Series: This Week in History | Story 13

Last updated 10/11/2023 at 10:04am

Courtesy Lake Wales Library Archives

The Lake Wales Highlander of 100 years ago reveals much about the history of our community. Each week the Lake Wales News will publish a front-page image of the former Lake Wales Highlander from 100 years earlier, tracking the growth of the community a century ago, when Florida was in the midst of a great land price boom and rapid population growth. The images are retrieved from the digital archives of the Lake Wales Public Library. The Lake Wales Highlander eventually became The Daily Highlander, and under several different names was published six times a week on Sunday mornings and Monday through Friday afternoons until 1995. The original Lake Wales News was a weekly broadsheet newspaper that also served the community for many decades, later changing to a tabloid format before closing six years ago. Lake Wales was among only a handful of small communities that supported two local newspapers, a mark of the level of literacy and community interest here.
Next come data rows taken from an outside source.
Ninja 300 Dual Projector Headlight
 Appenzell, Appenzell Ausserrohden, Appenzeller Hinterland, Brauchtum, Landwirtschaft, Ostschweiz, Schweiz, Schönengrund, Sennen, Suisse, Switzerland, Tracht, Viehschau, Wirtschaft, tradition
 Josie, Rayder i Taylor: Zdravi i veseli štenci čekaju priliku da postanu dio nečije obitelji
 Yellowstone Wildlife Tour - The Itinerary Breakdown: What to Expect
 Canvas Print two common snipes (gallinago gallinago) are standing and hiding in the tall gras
Only 100 years ago the young town of Lake Wales was kept up-to-date by stories shared on the pages of The Highlander. This week the buzz was about a pair of men who had made the drive all the way from Indiana in only five days, covering a distance of 1,214 miles on "fair" roads, "with the exception of over the mountains," where no doubt things remained rather sketchy for automobile traffic, since most locals there preferred mules at the the time.

In other local news, local resident Joe Briggs had organized the installation of a new school bell at the rapidly-growing school, insisting that scholars needed to hear that sound to start their day.

An island discovered in Crooked Lake has led to the creation of the "Wade In" or "Knee Deep" club by a cadre of young men who plan to build a rough cabin on the narrow spit of land. One of the group laid a homestead claim to the land after finding it on an old surveyor's map. The spot is known today as "Rattlesnake Island" due the the presence of the pit vipers, and lies just south of the end of Thornburg Road along the north shore of the lake.

Meanwhile the Crooked Lake Yacht and Golf Club was finishing work on their new golf course, which was a short-lived feature of the area north of Babson Park, being abandoned during the Great Depression that would follow in less than ten years. The remains of the course can still be identified just north of Babson Park along Aldo Road.